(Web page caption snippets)
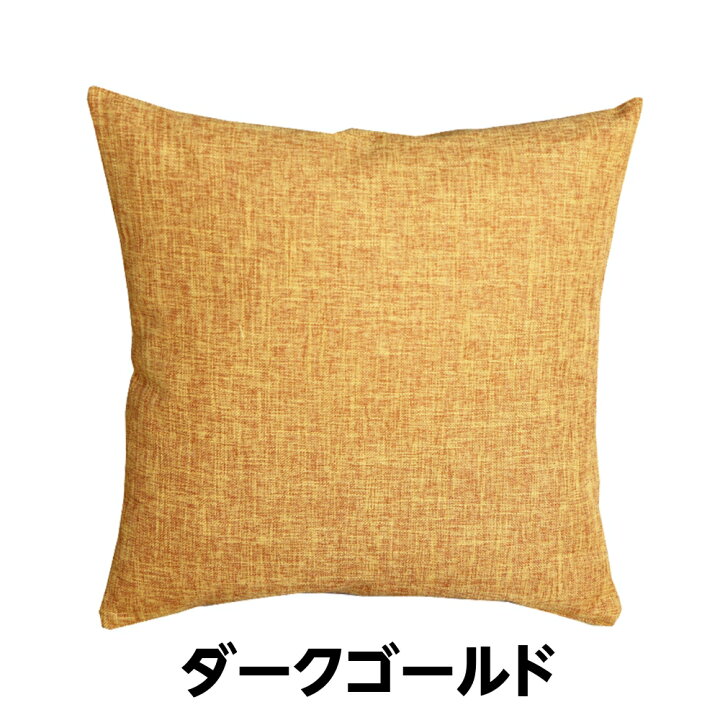 楽天市場】クッションカバー 45×45cm おしゃれ 正方形 北欧 インテリア 麻 リネン 無地 ソファ 白 緑 ブラック 赤 など 全8色 : AFROMARKET 楽天市場】クッションカバー 45×45cm おしゃれ 正方形 北欧 インテリア 麻 リネン 無地 ソファ 白 緑 ブラック 赤 など 全8色 : AFROMARKET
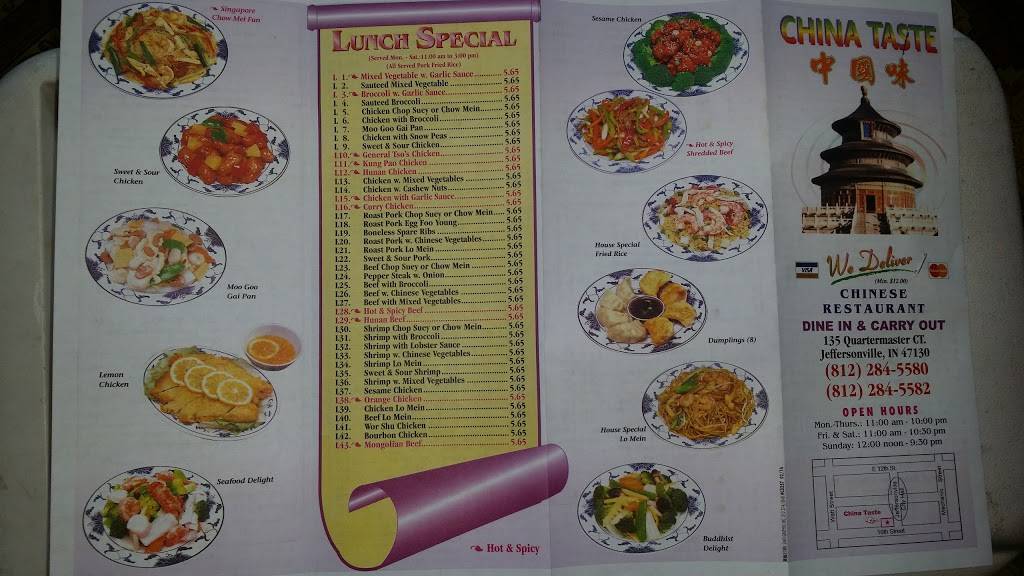 China Taste | restaurant | 135 Quartermaster Ct, Jeffersonville, IN 47130, USA | 8122845580 OR +1 812-284-5580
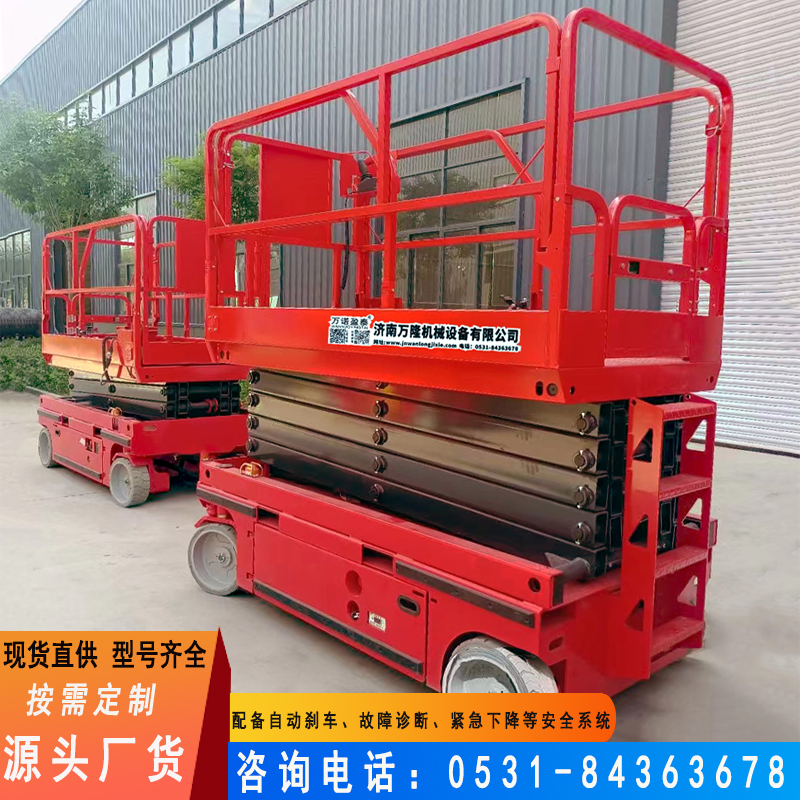 Fully self-propelled electric elevator, fully self-propelled lifting platform, high-altitude operation and climbing vehicle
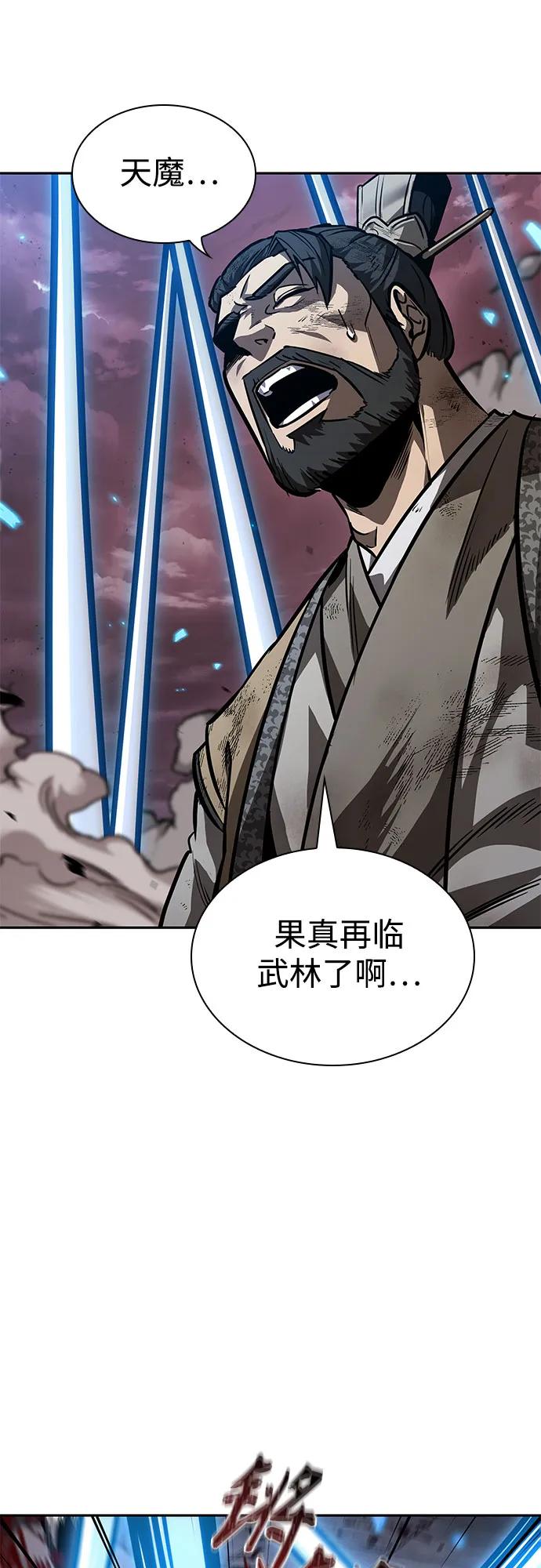 234.第80章天魔再临（4）-某天成为魔神-玄坤绝对无敌,金刚不坏（第36张）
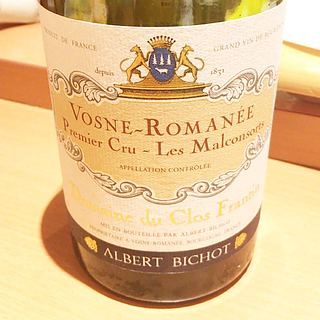 Albert Bichot Vosne Romanée 1er Cru Les Malconsorts(アルベール・ビショー ヴォーヌ・ロマネ プルミエ・クリュ レ・マルコンソール)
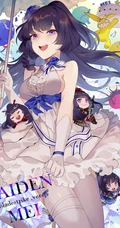 《崩坏3》里的那些气质二次元少女壁纸图片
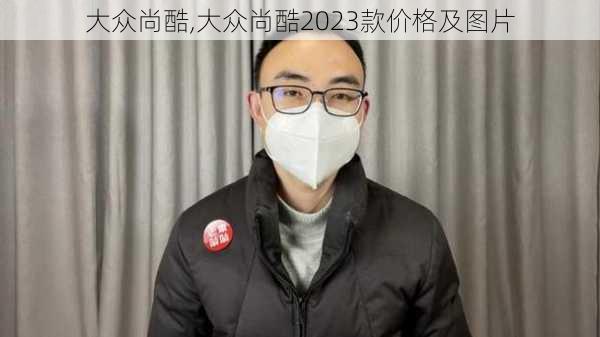 大众尚酷,大众尚酷2023款价格及图片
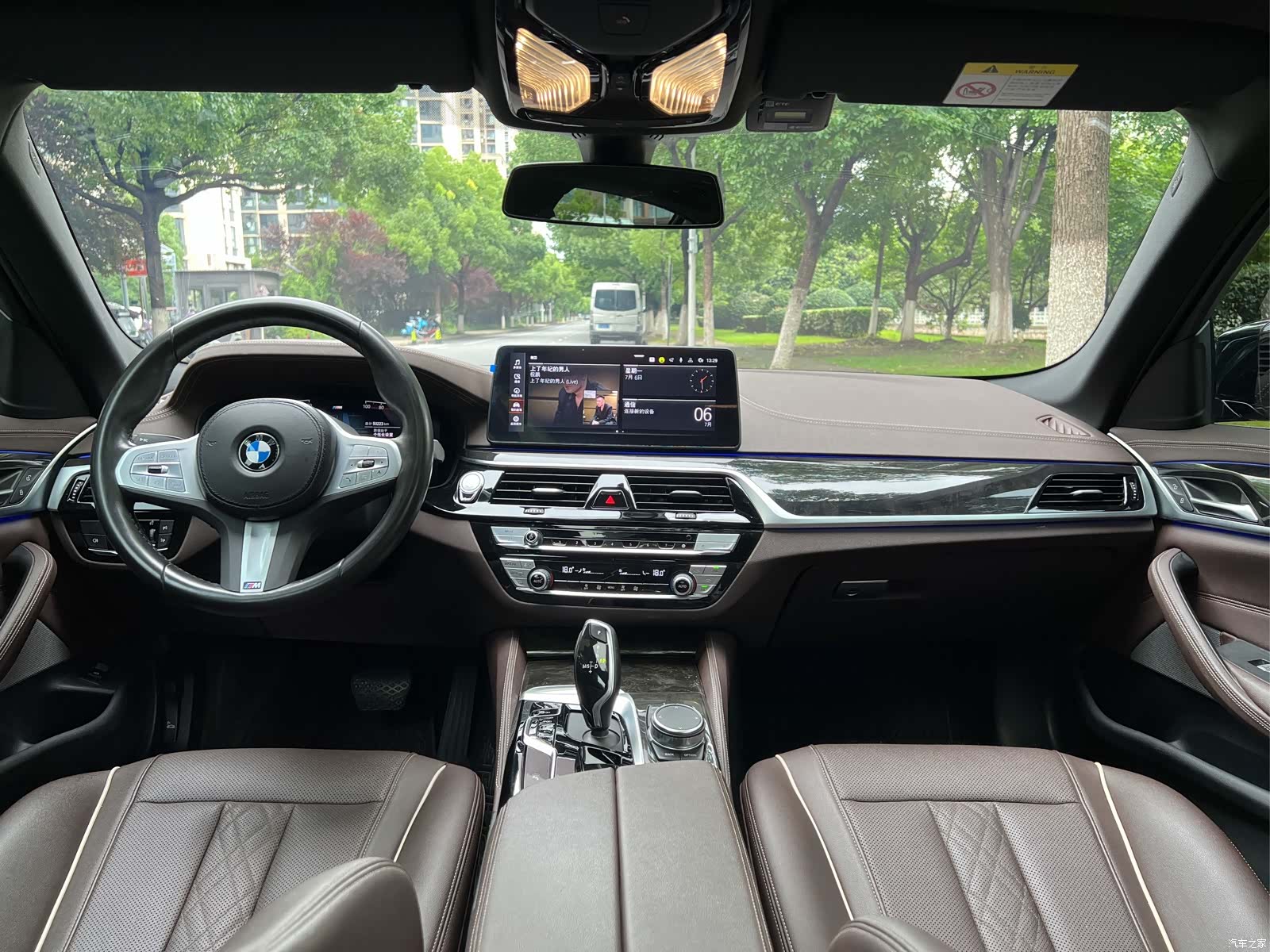 BMW 5 Series, 2024 9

**Requirement:** When copying the entries, drop the images and keep every line exact.

**Solution for this exercise:**
 楽天市場】クッションカバー 45×45cm おしゃれ 正方形 北欧 インテリア 麻 リネン 無地 ソファ 白 緑 ブラック 赤 など 全8色 : AFROMARKET 楽天市場】クッションカバー 45×45cm おしゃれ 正方形 北欧 インテリア 麻 リネン 無地 ソファ 白 緑 ブラック 赤 など 全8色 : AFROMARKET
 China Taste | restaurant | 135 Quartermaster Ct, Jeffersonville, IN 47130, USA | 8122845580 OR +1 812-284-5580
 Fully self-propelled electric elevator, fully self-propelled lifting platform, high-altitude operation and climbing vehicle
 234.第80章天魔再临（4）-某天成为魔神-玄坤绝对无敌,金刚不坏（第36张）
 Albert Bichot Vosne Romanée 1er Cru Les Malconsorts(アルベール・ビショー ヴォーヌ・ロマネ プルミエ・クリュ レ・マルコンソール)
 《崩坏3》里的那些气质二次元少女壁纸图片
 大众尚酷,大众尚酷2023款价格及图片
 BMW 5 Series, 2024 9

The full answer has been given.